Activity: For the records shown below, return an exact copy that excludes the pictures.

Given entries:

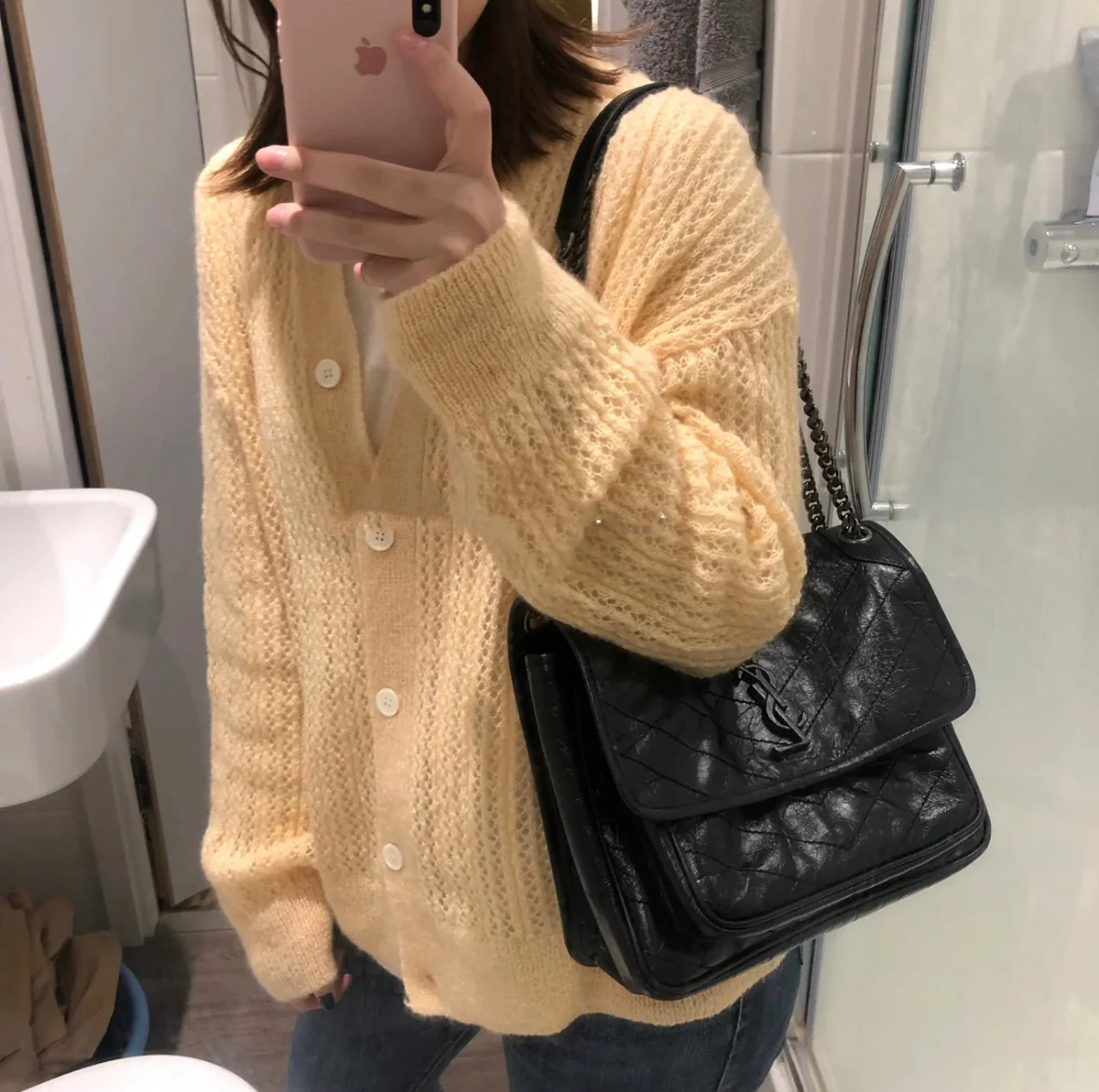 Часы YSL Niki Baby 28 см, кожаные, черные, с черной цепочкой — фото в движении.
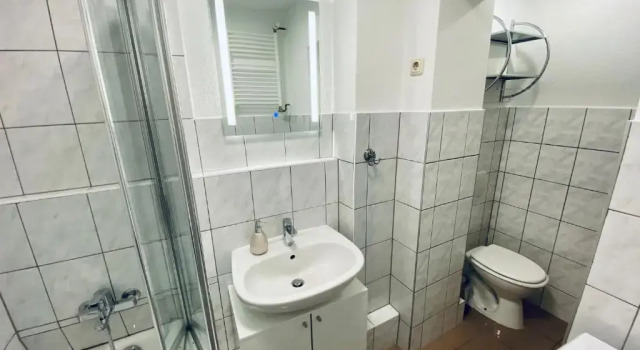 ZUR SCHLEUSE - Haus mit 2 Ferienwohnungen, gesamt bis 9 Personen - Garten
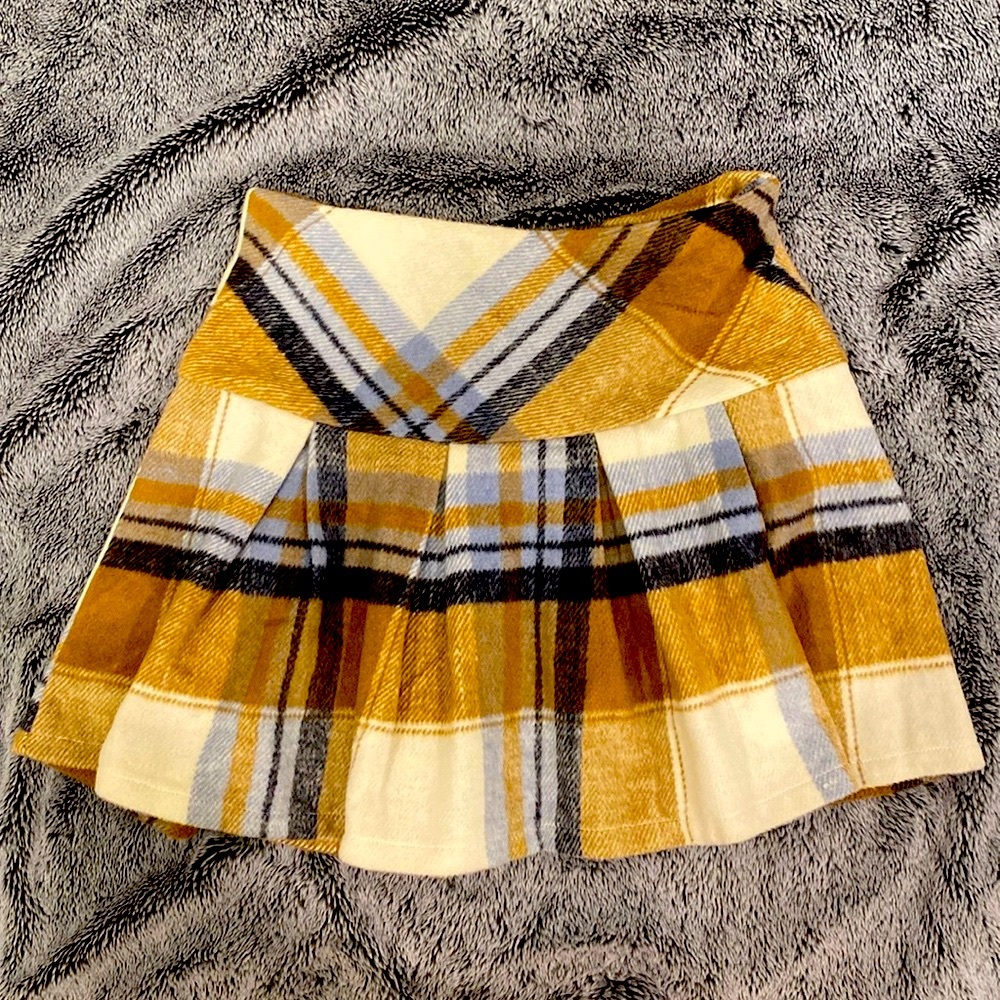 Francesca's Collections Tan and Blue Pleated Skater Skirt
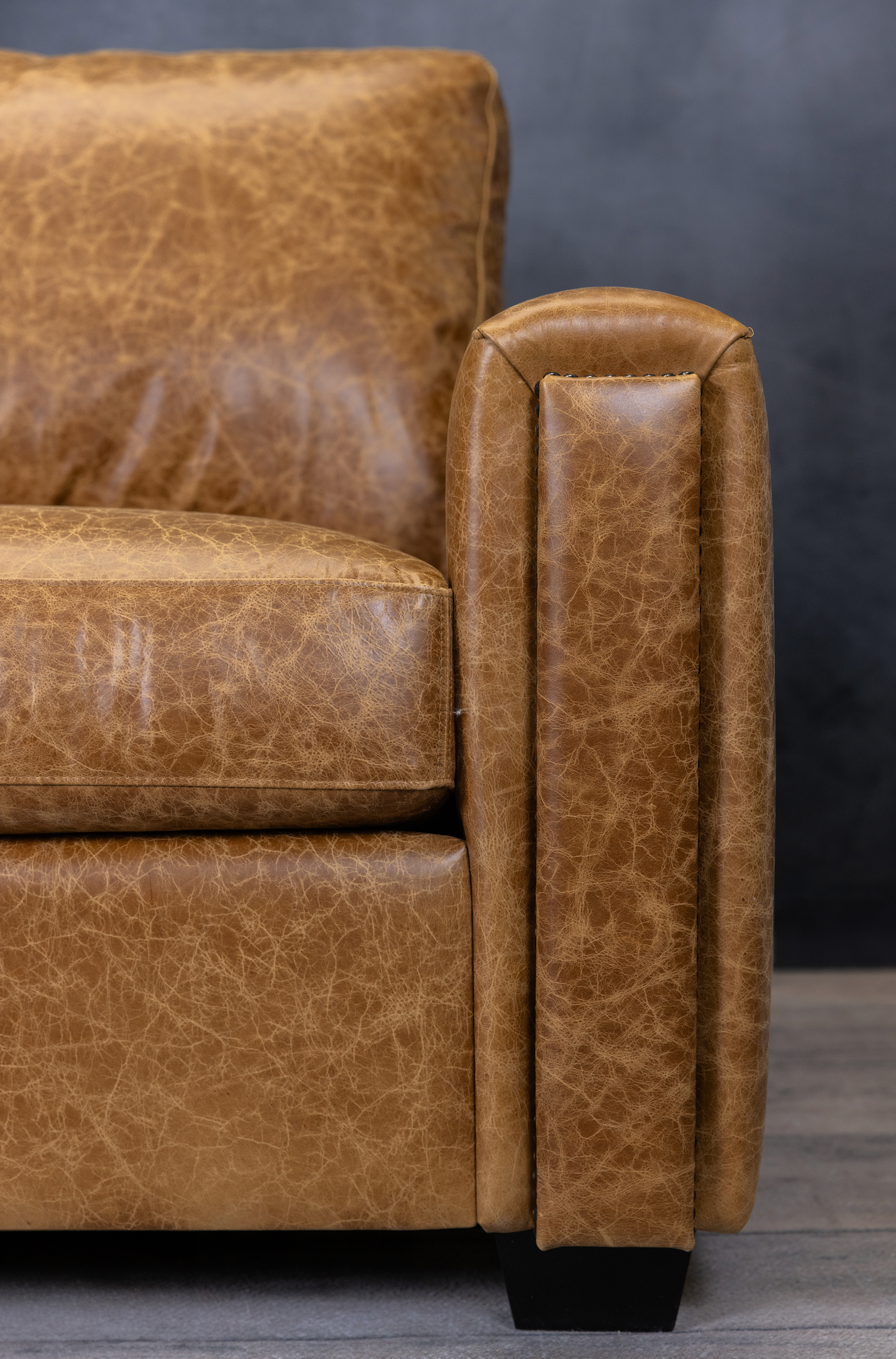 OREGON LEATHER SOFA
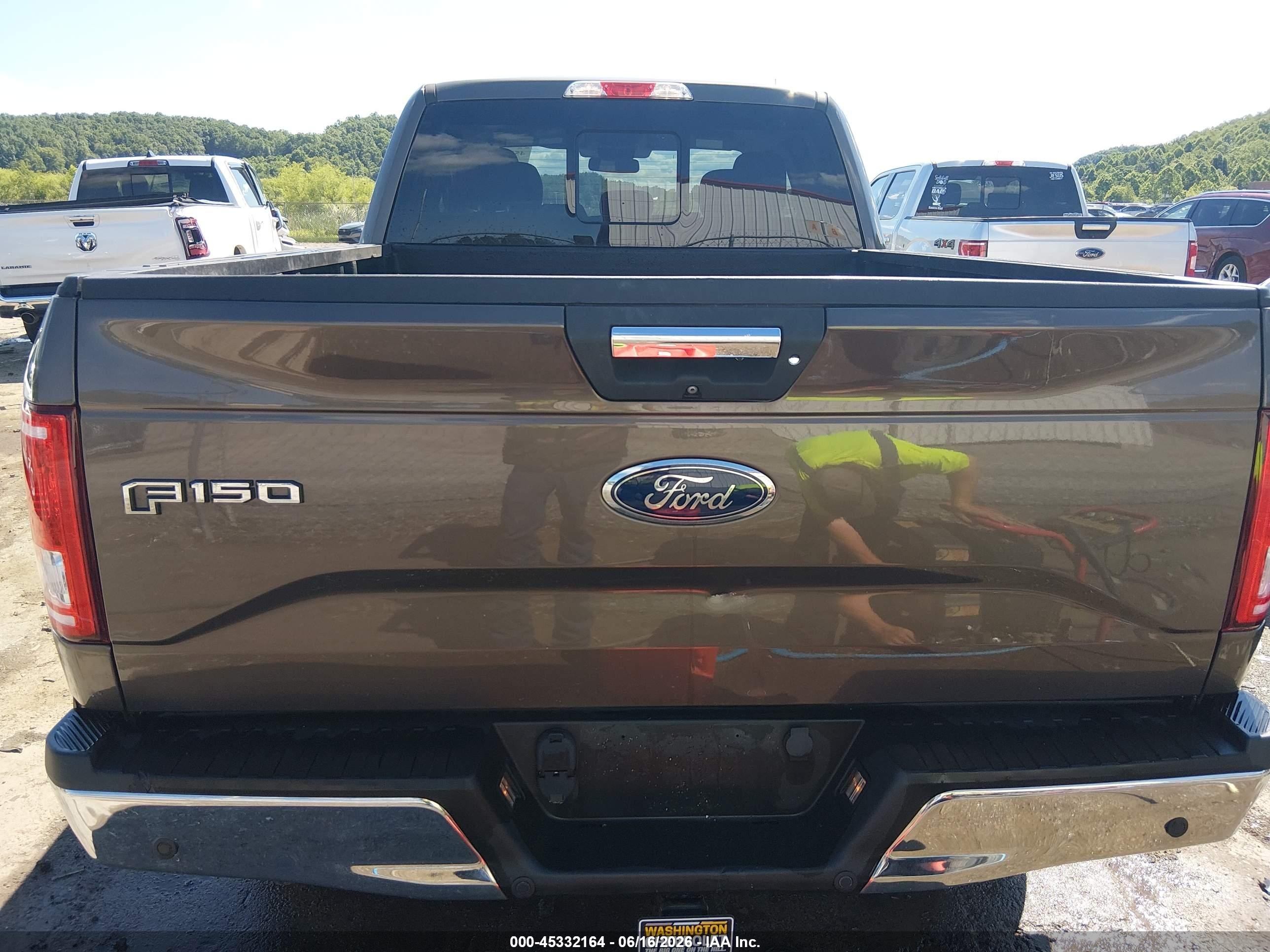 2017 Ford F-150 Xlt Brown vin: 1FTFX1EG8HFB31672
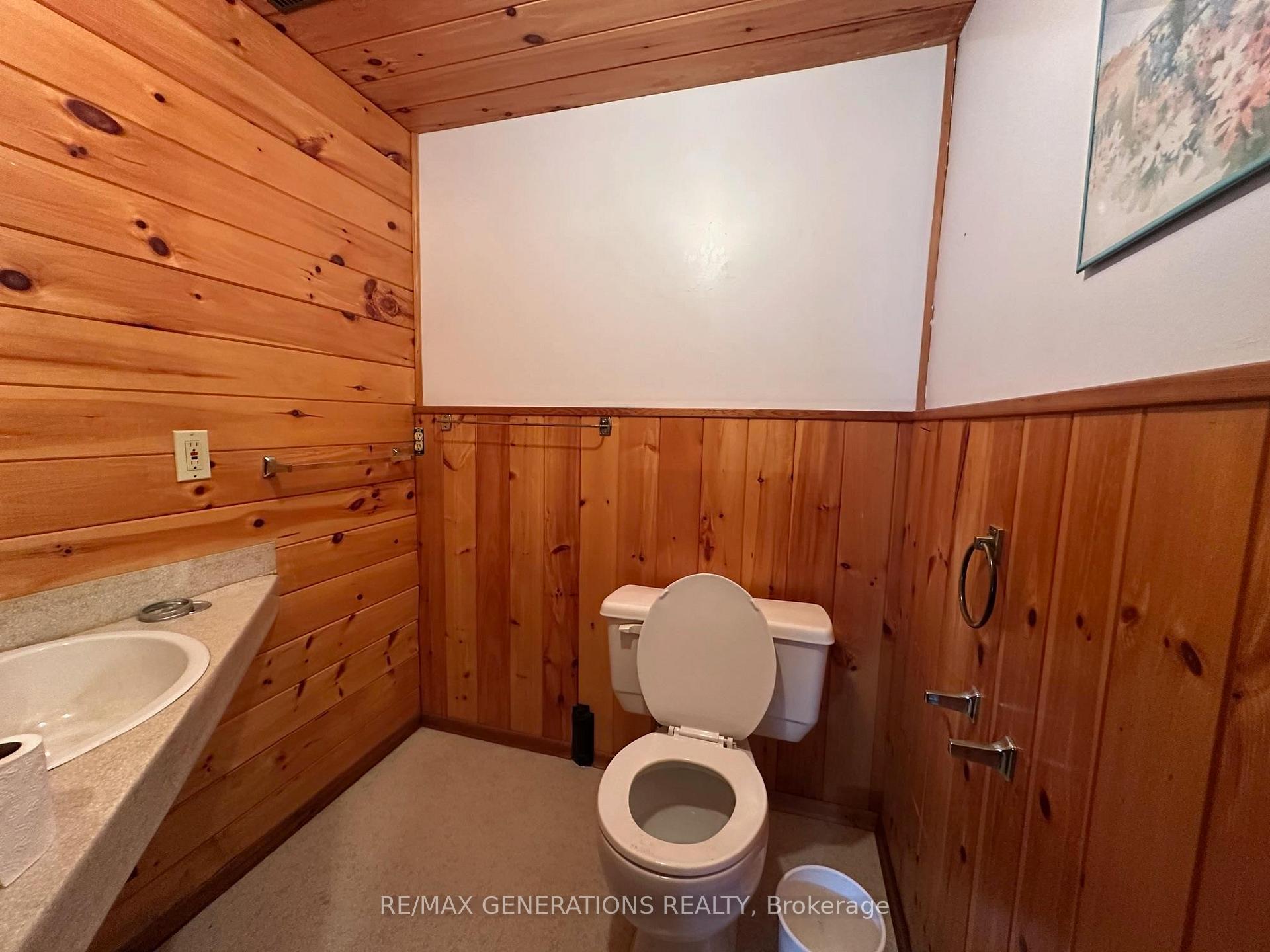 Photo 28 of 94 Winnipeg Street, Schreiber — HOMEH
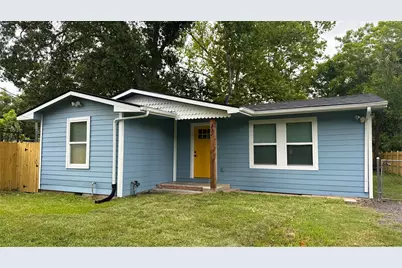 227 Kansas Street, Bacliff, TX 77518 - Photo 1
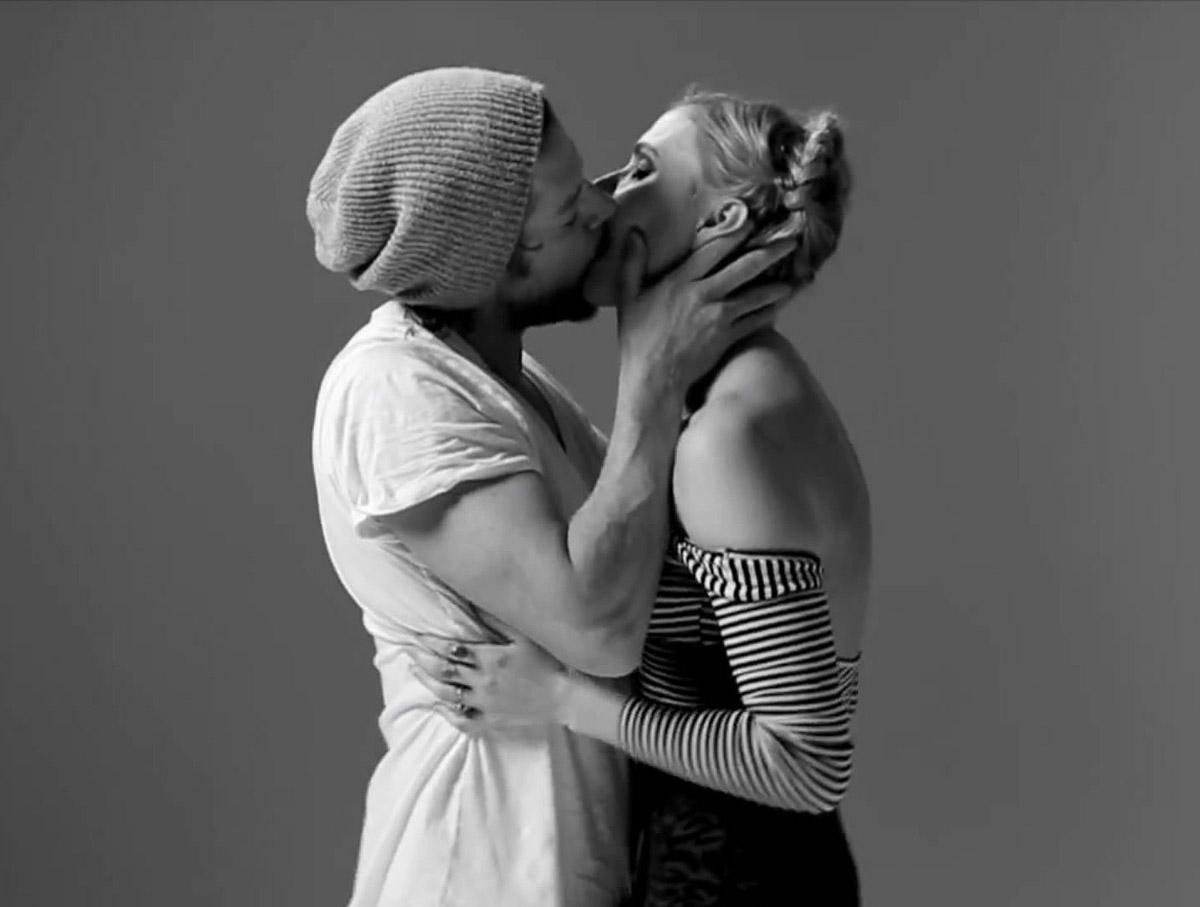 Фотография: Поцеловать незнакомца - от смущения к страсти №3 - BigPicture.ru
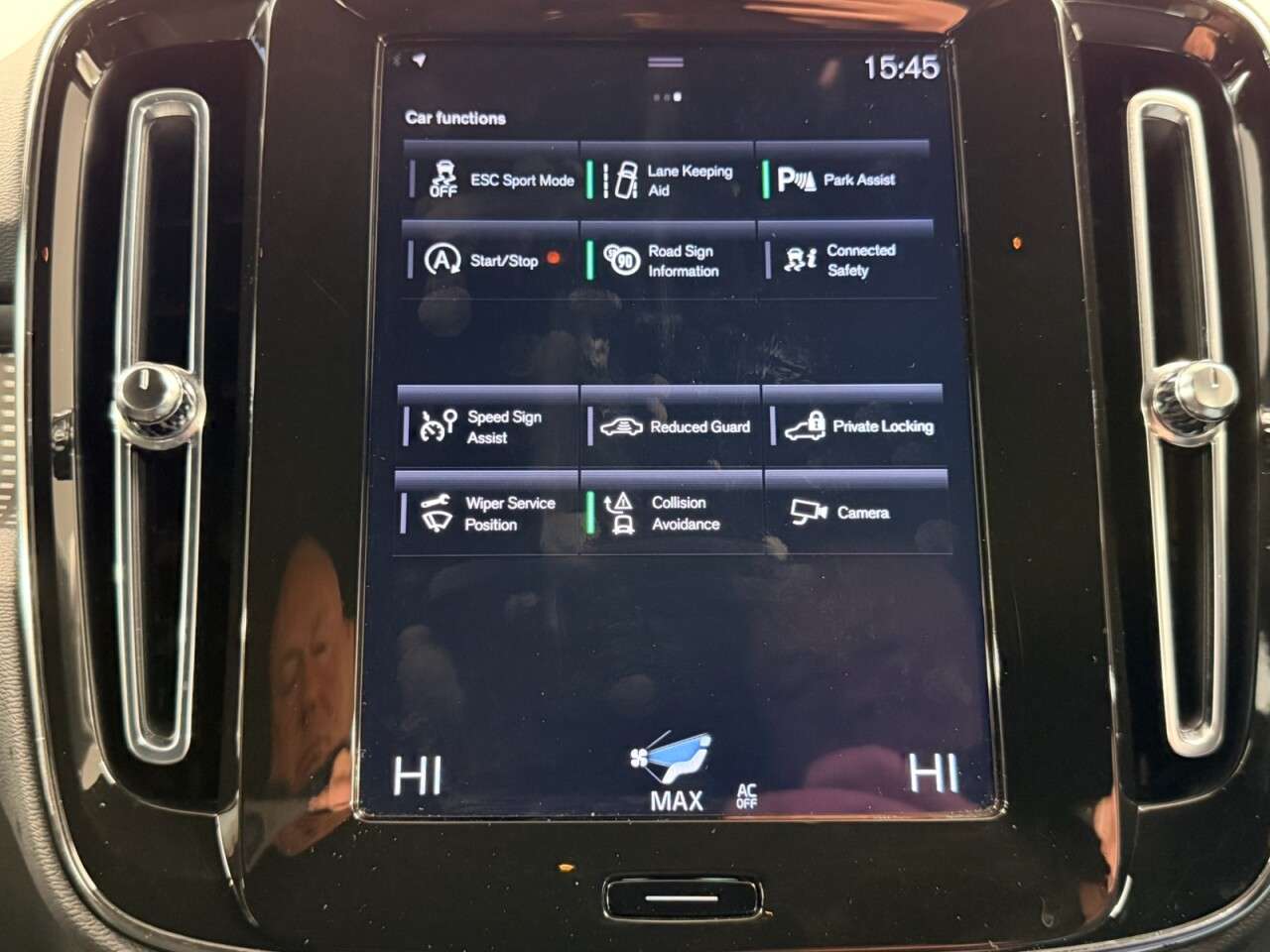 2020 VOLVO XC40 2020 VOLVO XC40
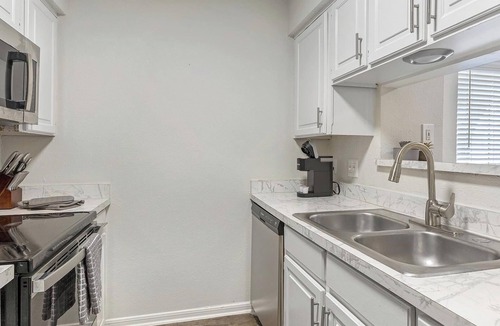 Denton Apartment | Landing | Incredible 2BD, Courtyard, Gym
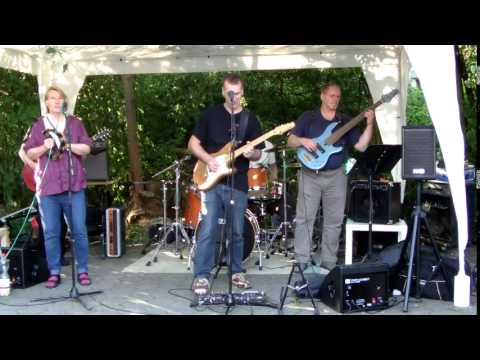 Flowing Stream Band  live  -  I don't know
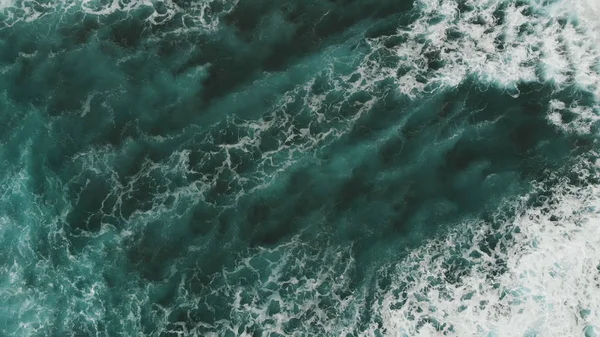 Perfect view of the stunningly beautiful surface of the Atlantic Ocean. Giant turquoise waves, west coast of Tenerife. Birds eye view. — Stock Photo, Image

Exercise result:
 Часы YSL Niki Baby 28 см, кожаные, черные, с черной цепочкой — фото в движении.
 ZUR SCHLEUSE - Haus mit 2 Ferienwohnungen, gesamt bis 9 Personen - Garten
 Francesca's Collections Tan and Blue Pleated Skater Skirt
 OREGON LEATHER SOFA
 2017 Ford F-150 Xlt Brown vin: 1FTFX1EG8HFB31672
 Photo 28 of 94 Winnipeg Street, Schreiber — HOMEH
 227 Kansas Street, Bacliff, TX 77518 - Photo 1
 Фотография: Поцеловать незнакомца - от смущения к страсти №3 - BigPicture.ru
 2020 VOLVO XC40 2020 VOLVO XC40
 Denton Apartment | Landing | Incredible 2BD, Courtyard, Gym
 Flowing Stream Band  live  -  I don't know
 Perfect view of the stunningly beautiful surface of the Atlantic Ocean. Giant turquoise waves, west coast of Tenerife. Birds eye view. — Stock Photo, Image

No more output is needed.